Rossana Mendes Fonseca

— fotógrafa e escritora, leitora atenta e séria deambulante —

Começamos com um muro que encerra o palco. Como se uma cortina fosse, há detrás algo que ressoa. Um som grave, como uma tuba. O som aproxima-se. E o muro abre-se, mostrando-nos corpos prostrados, que num vaivém, ora se erguem, ora se baixam.

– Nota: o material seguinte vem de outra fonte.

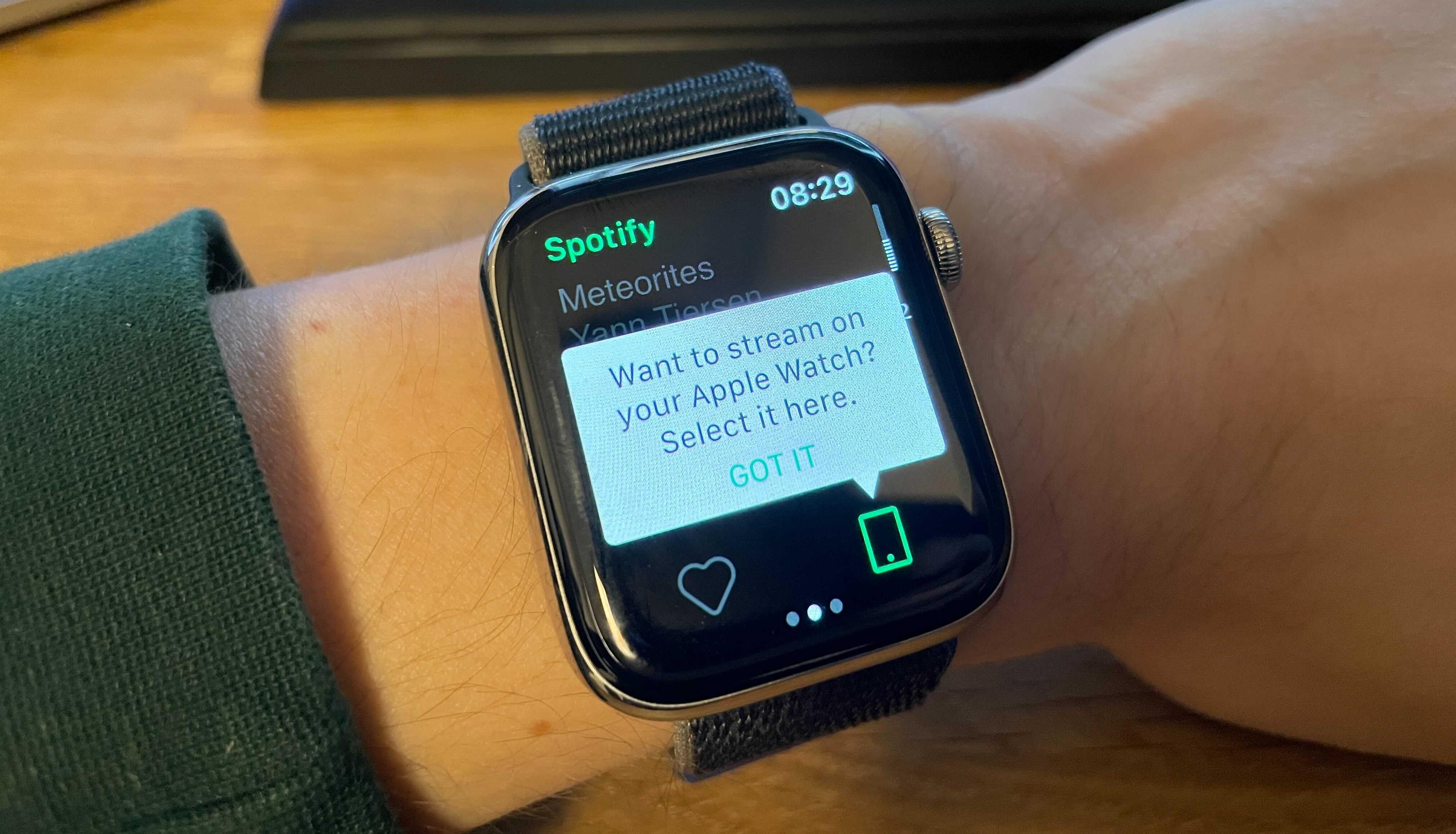 Denne meldingen dukker nå opp i Spotify-appen på Apple Watch. 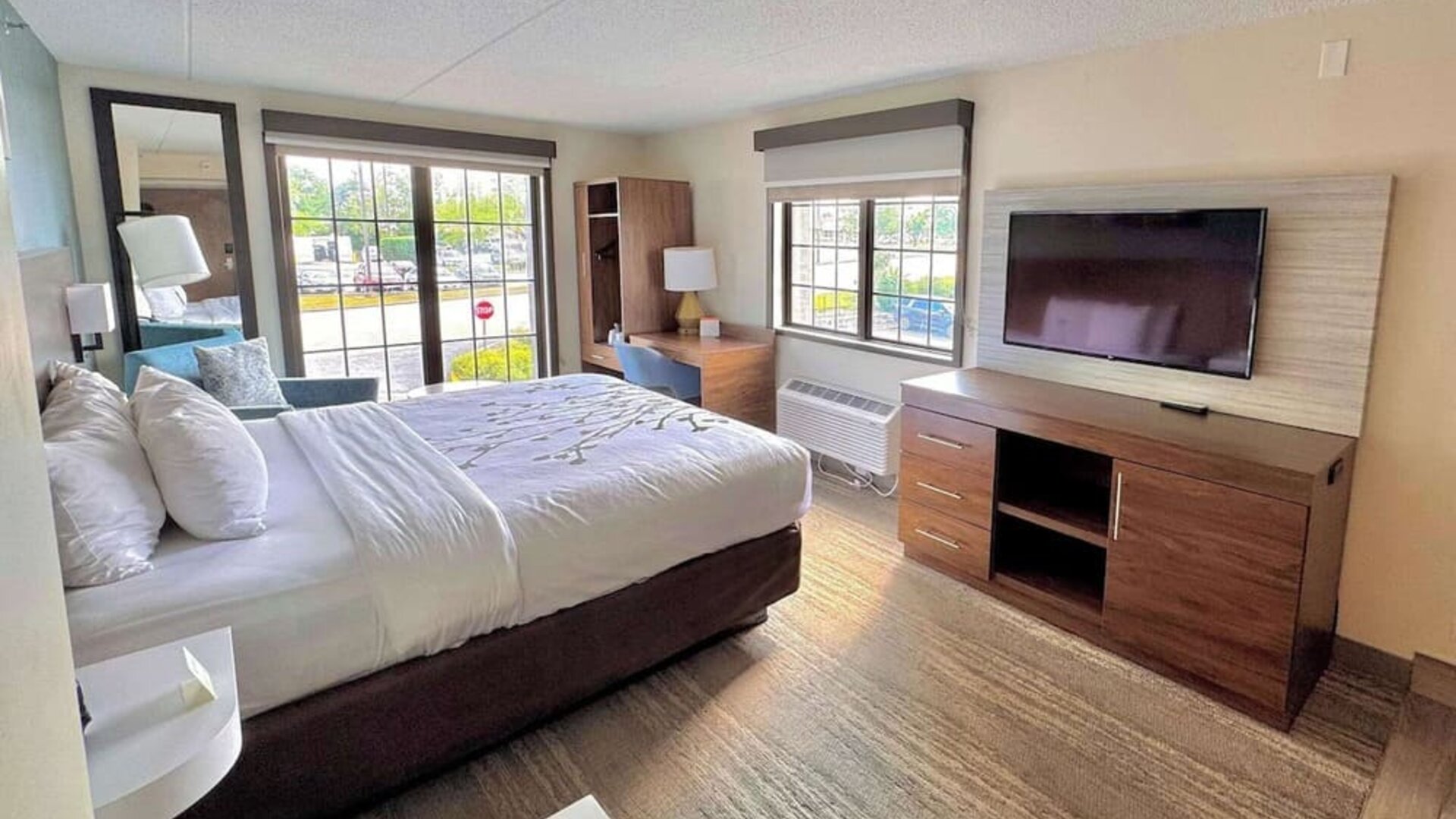 Day use room with workspace at Sleep Inn Oakbrook Terrace.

Lentamente, deixa-se o chão. Estremecemos no estremecimento dos corpos, como uma agonia pelo movimento. Micro-movimentos até ao convulsionar total do corpo. Mover-se parece sempre ser a fuga mais imediata ao encerramento. Ao encerramento de muros, ao encerramento do corpo, ao auto-encerramento. Como se se pudesse sacudir, a vários ritmos, a várias velocidades, a vários tempos, algo que os constrange, estes corpos que dançam tornam-se hirtos e ondulantes, na torção interior de cada tecido até ao convulsionar da própria tendência motriz, da própria dor. Movimento em tensão, como se se tratasse de um gesto de libertar o interior do próprio corpo. A voz que é calada e recolhida no grupo.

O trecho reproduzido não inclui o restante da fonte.